Task details
Your task is to retype, exactly, the line containing "Liveblog: noodweer barst" and every later line through the end of the listing, with pictures omitted.

Source data
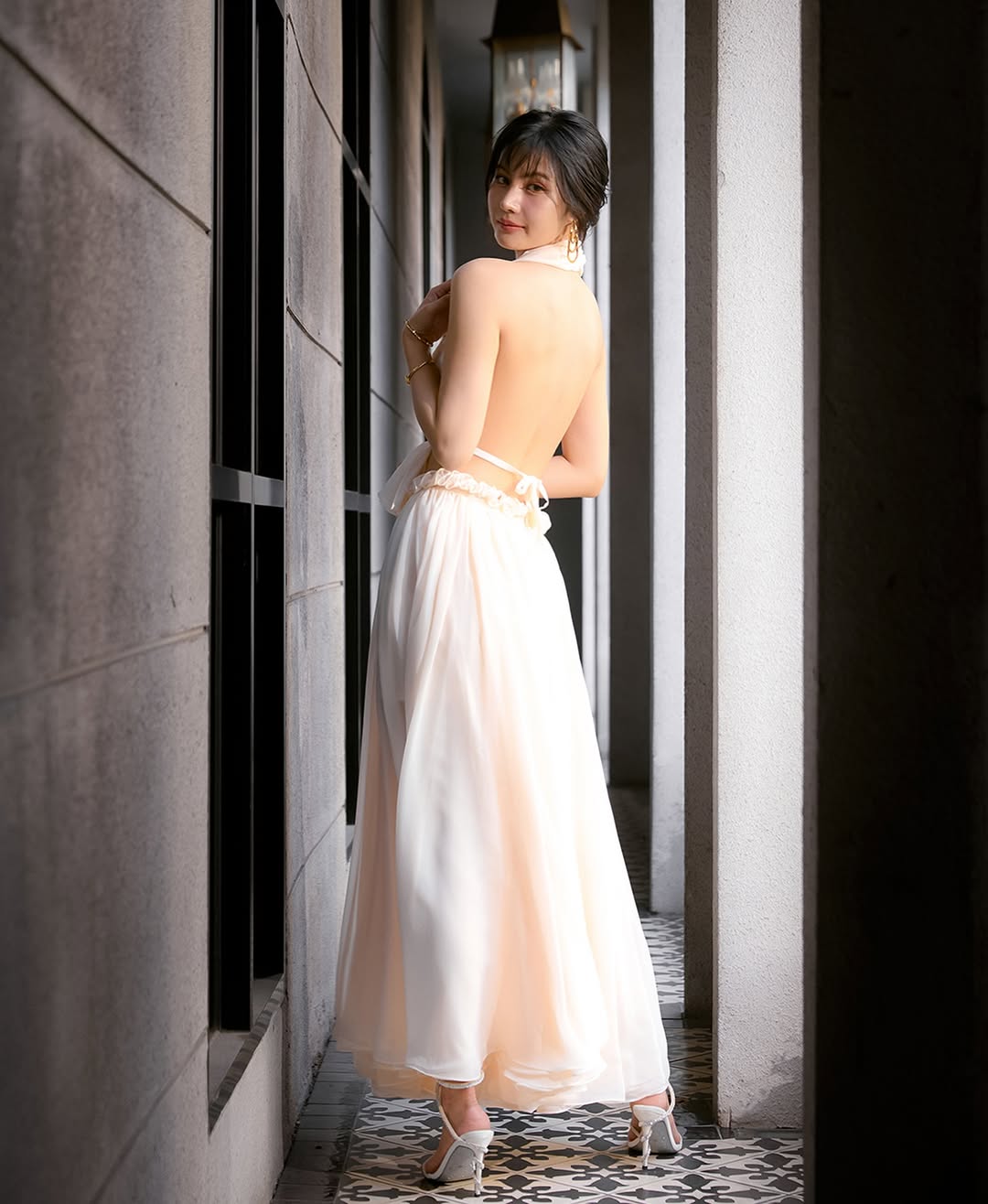Deform_official - The Backless queen set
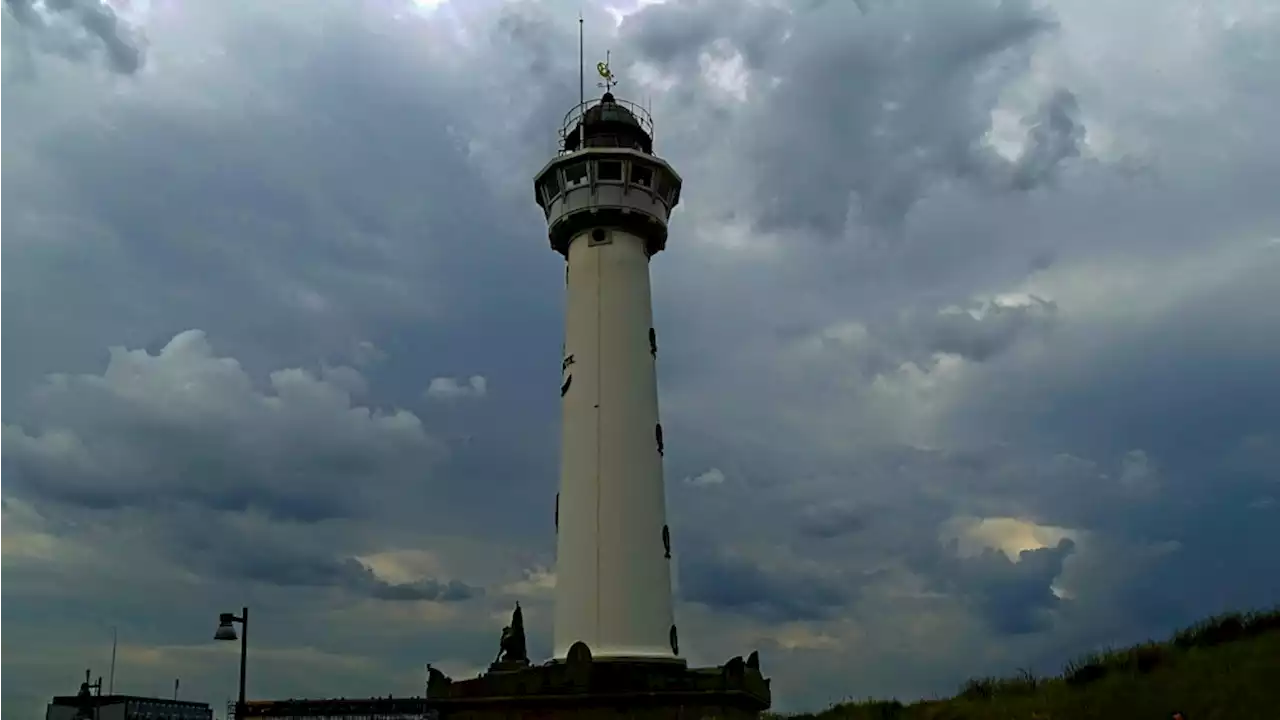 Liveblog: noodweer barst los boven de provincie, mogelijk vertraging op Schiphol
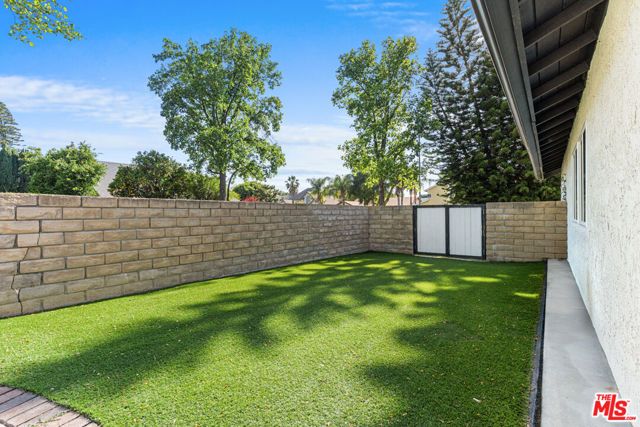 9200 Wystone Avenue, Northridge (los Angeles), CA 91324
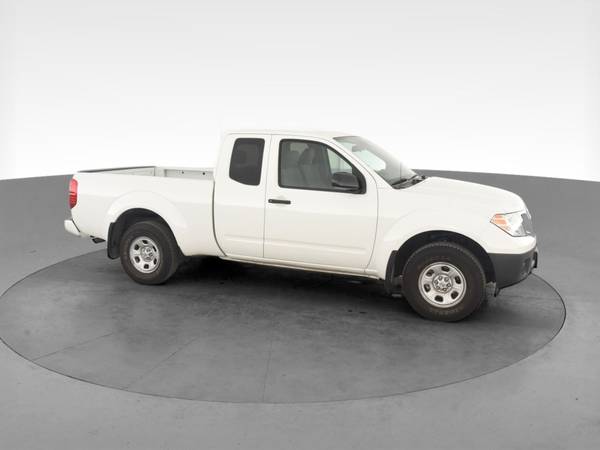 2019 Nissan Frontier King Cab S Pickup 2D 6 ft pickup White -... for sale in Lewisville, TX – photo 14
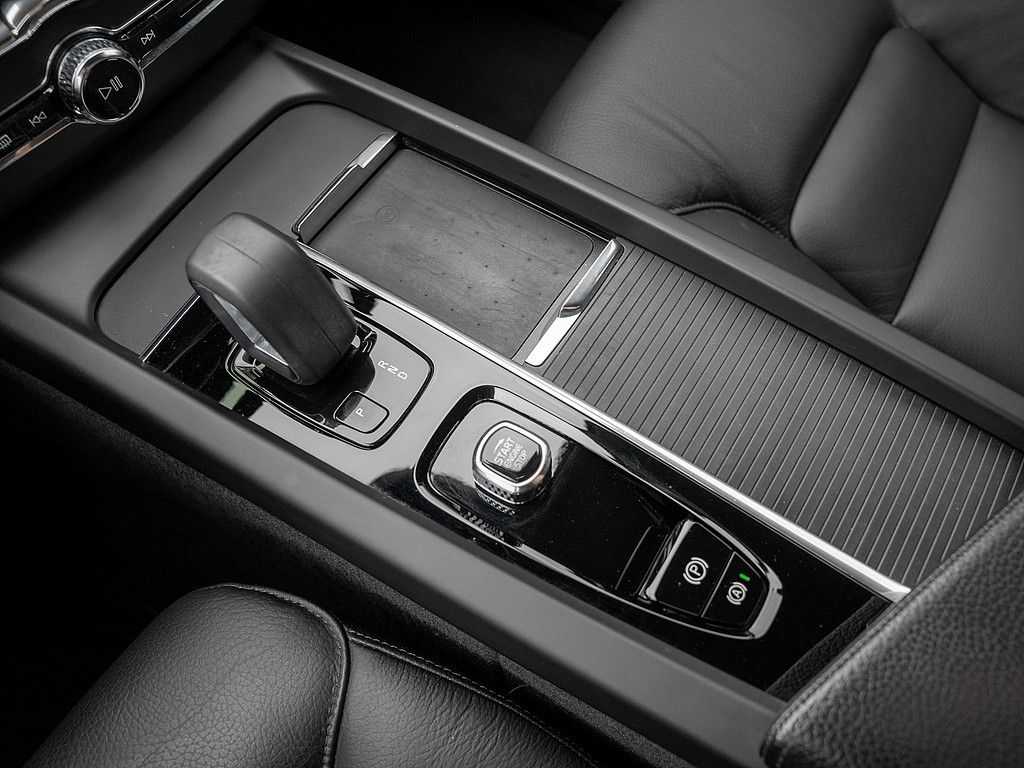 Volvo  B4 Momentum Pro NAVI W-LAN FACEL. LED 360°
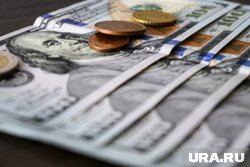 Оптимальный курс доллара для российских экспортеров и импортеров должен быть в районе 100 рублей, уточнил Денис Мантуров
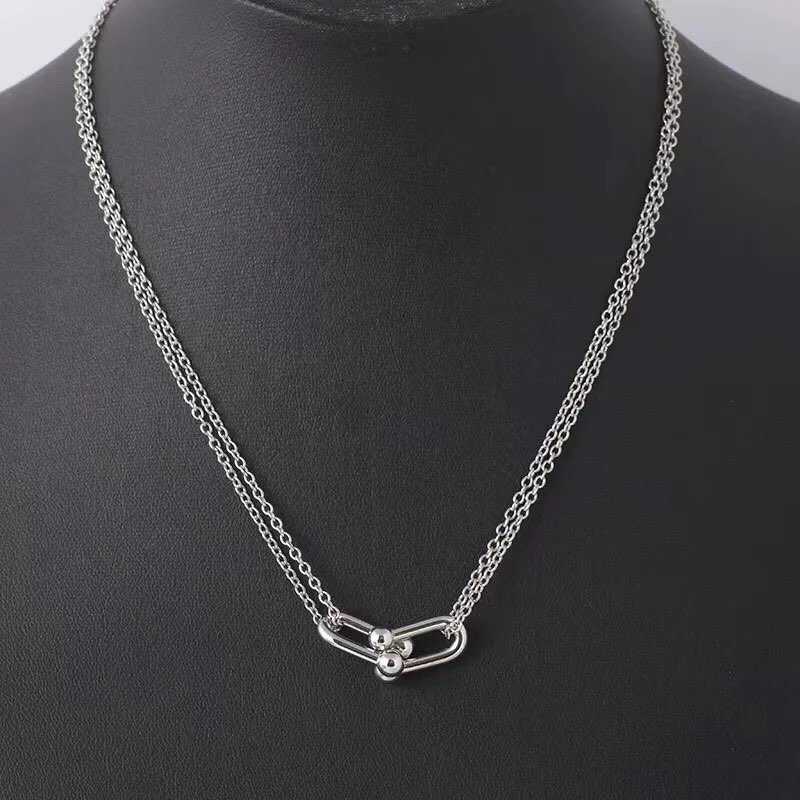 horseshoe pendant and necklace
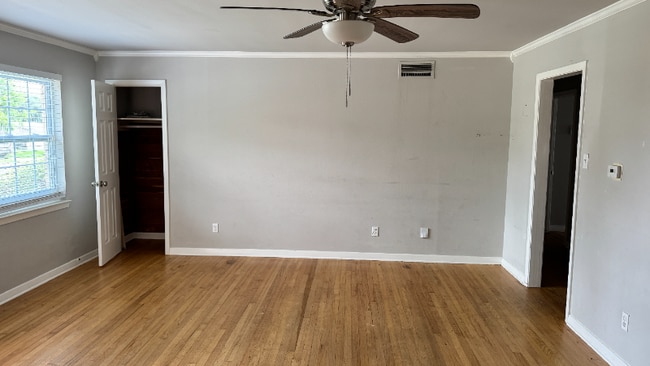 Building Photo - 10932 Dunaway Dr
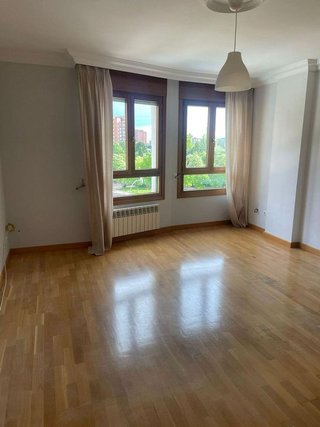 Piso en alquiler en Pº Zorrilla - Cuatro de Marzo en Valladolid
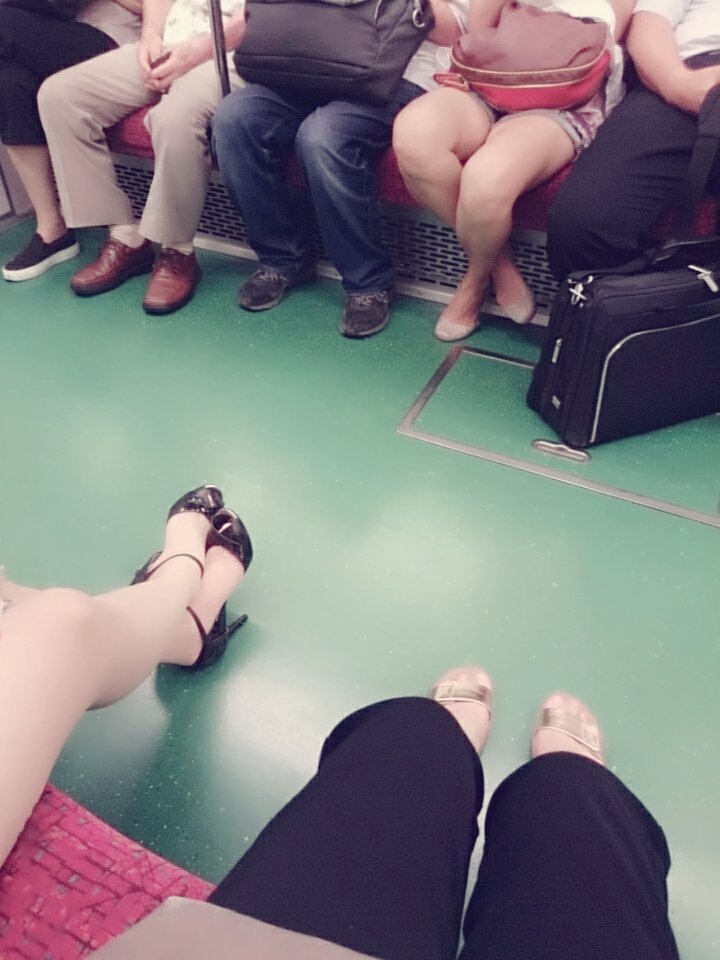 טוויטר 清水 ひとみ בטוויטר サンダル履いて電車に乗ってたら ピンヒール履いたお姉さんが隣に座ろうとして私の足の指 をガリッってした 痛い 昔もバスの中でヒールで足踏まれた事ある ミニスカートで綺麗な足のお姉さんだけどヒール履いた人 私に近づかないで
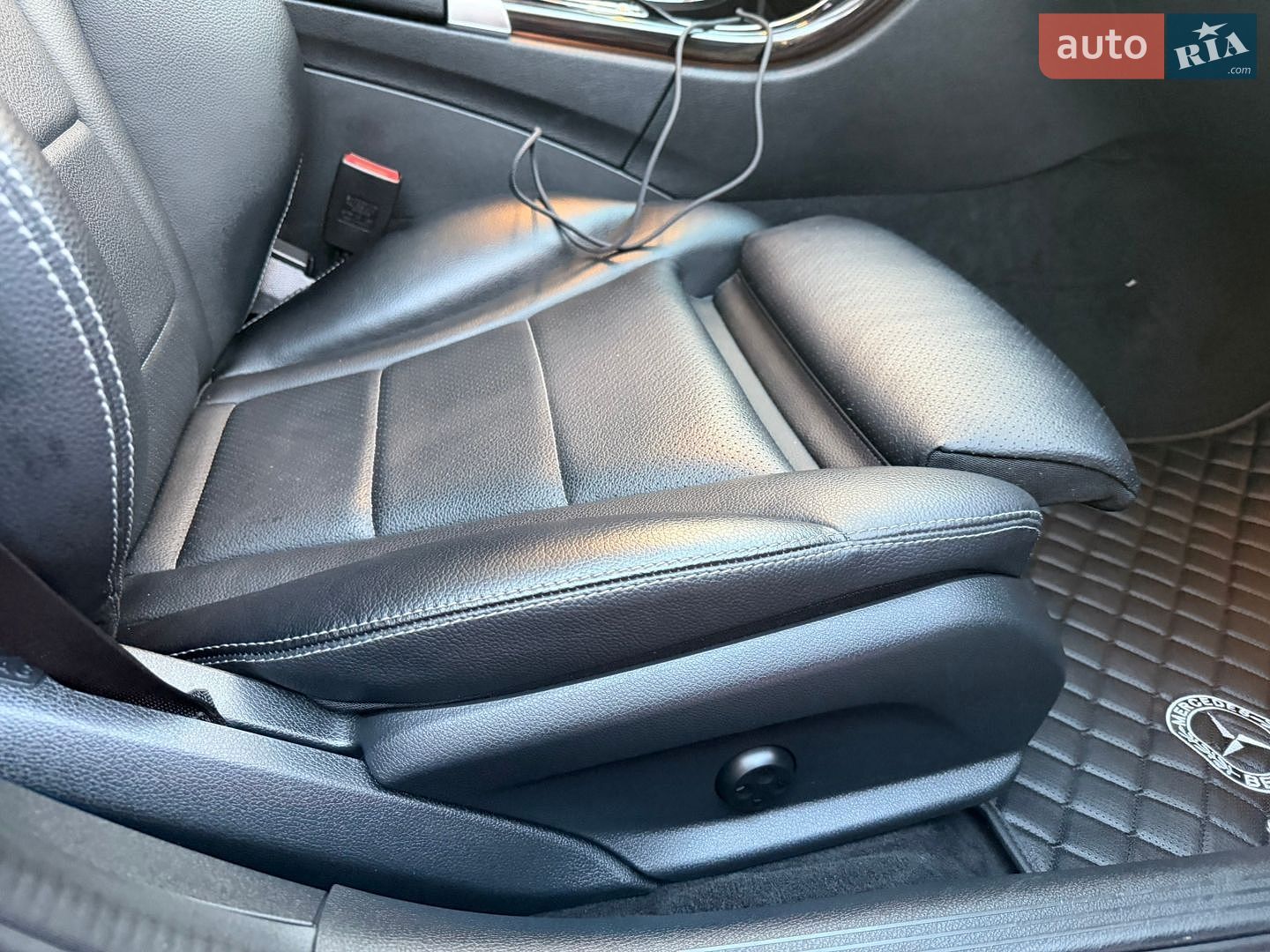 Mercedes-Benz C-Class 2016 VIN WDDWF0FB2GF274914 фото оголошення 75 з 114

Response
 Liveblog: noodweer barst los boven de provincie, mogelijk vertraging op Schiphol
 9200 Wystone Avenue, Northridge (los Angeles), CA 91324
 2019 Nissan Frontier King Cab S Pickup 2D 6 ft pickup White -... for sale in Lewisville, TX – photo 14
 Volvo  B4 Momentum Pro NAVI W-LAN FACEL. LED 360°
 Оптимальный курс доллара для российских экспортеров и импортеров должен быть в районе 100 рублей, уточнил Денис Мантуров
 horseshoe pendant and necklace
 Building Photo - 10932 Dunaway Dr
 Piso en alquiler en Pº Zorrilla - Cuatro de Marzo en Valladolid
 טוויטר 清水 ひとみ בטוויטר サンダル履いて電車に乗ってたら ピンヒール履いたお姉さんが隣に座ろうとして私の足の指 をガリッってした 痛い 昔もバスの中でヒールで足踏まれた事ある ミニスカートで綺麗な足のお姉さんだけどヒール履いた人 私に近づかないで
 Mercedes-Benz C-Class 2016 VIN WDDWF0FB2GF274914 фото оголошення 75 з 114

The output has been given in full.